The Silent Watcher
Today I spent time talking with an intuitive friend about what was going on in each of our lives. I talked about the weirdness of my life these days. Much of the time I no longer have the background chatter going on in my head. You know, the incessant stream of thoughts worrying about tomorrow, or next week, or about something that happened in the past. In social situations I find myself interacting with folks and catch myself observing what I'm doing or saying. Even when I'm alone I'll observe the thoughts I'm having. It's as if at some level I'm detached from what my personality is doing. Mostly this ability to observe just leads me to laugh at myself. Like the two year old Robert who runs around and learns through falling down and getting up, I see myself moving forward, making mistakes, getting up and continuing to move forward. This ability to observe certainly doesn’t stop me from making mistakes, but being able to view things from a different perspective seems to lend humor to things. I wonder aloud to my friend where this ability has come from and if it will fade. My friend says I've experience a type of "awakening" and that she's experienced it twice in her own life. She suggests I reread "The Power of Now".

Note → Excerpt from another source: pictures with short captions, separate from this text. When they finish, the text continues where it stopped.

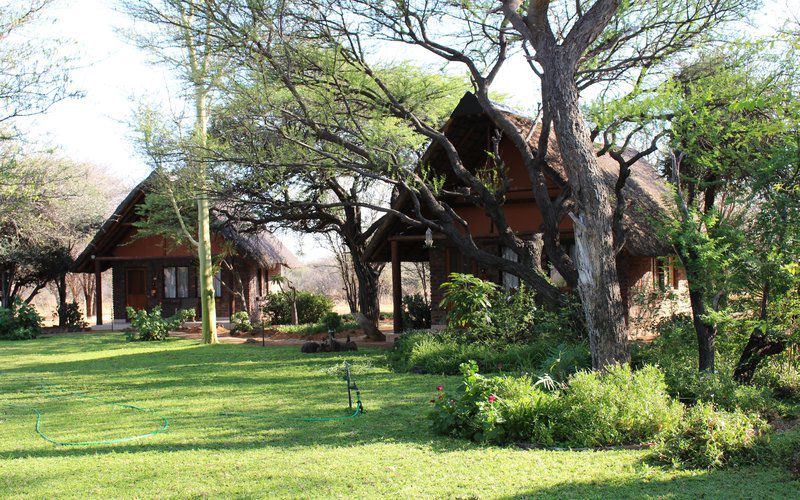 Segodi Game Lodge Lephalale Ellisras Limpopo Province South Africa 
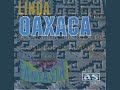 cancion mixteca-trio fantasia de jaime ramirez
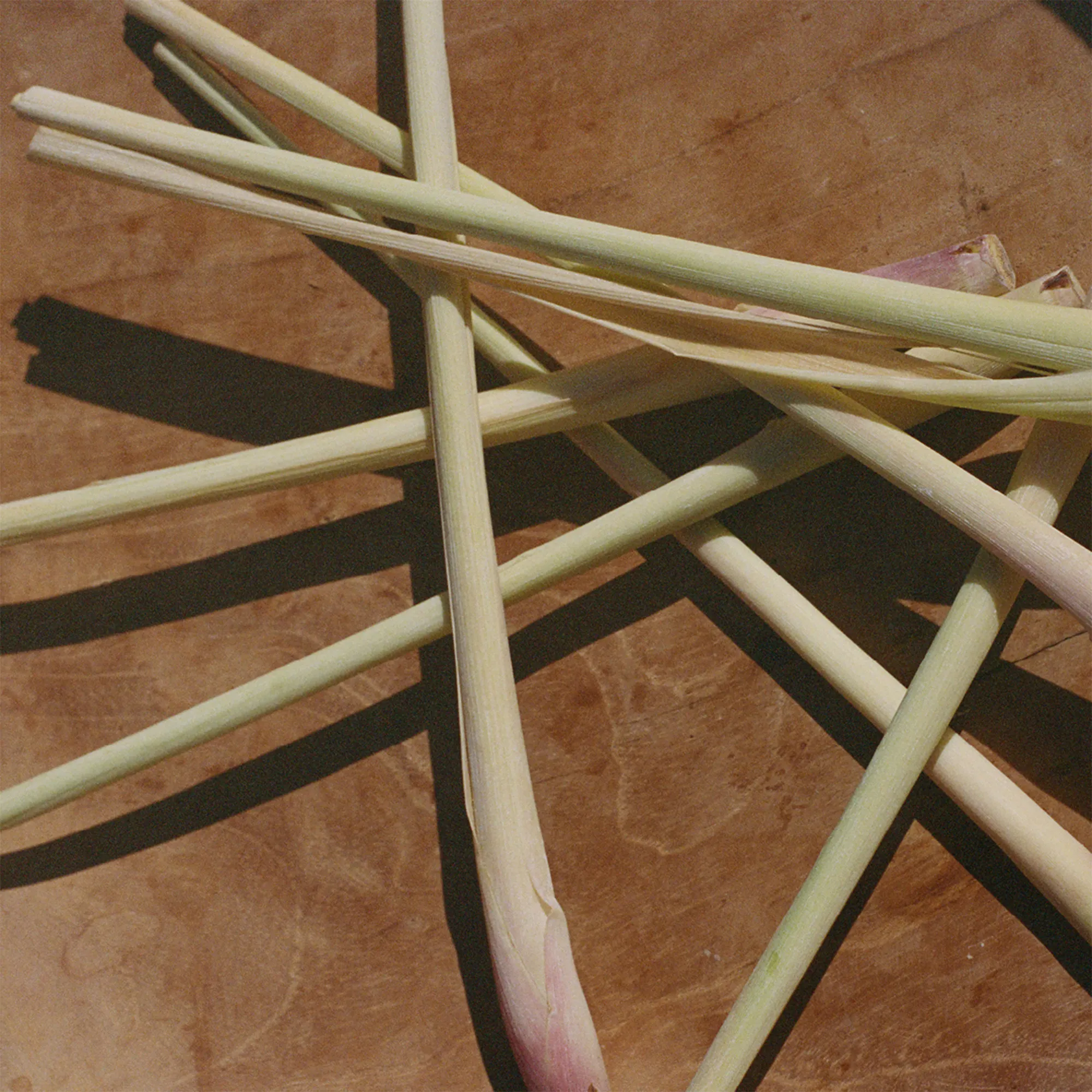 076 Lemongrass diskmedel 500 ml - 5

In the evening I began rereading the book. I immediately recall how confusing this book was when I first picked it up years ago. A bookmark seems to indicate that I only read half the book the first time. This guy's answer to everything was "be in the Now", and develop the ability to be the silent watcher of you thoughts. He notes that it's a skill developed either through rigorous practice or, more instantly, after experiencing a trauma in your life. Oh, I see.
Now as I read the book I get everything the guy is saying. It's written in question-answer format and sometimes I'm able to read a question and create a fairly accurate response before I read the author's answers to the questions.
According to the concept of Yin and Yang there's a balance in everything - dark and light, moving and stillness. This is just another experience that makes me wonder what else will come out of this journey.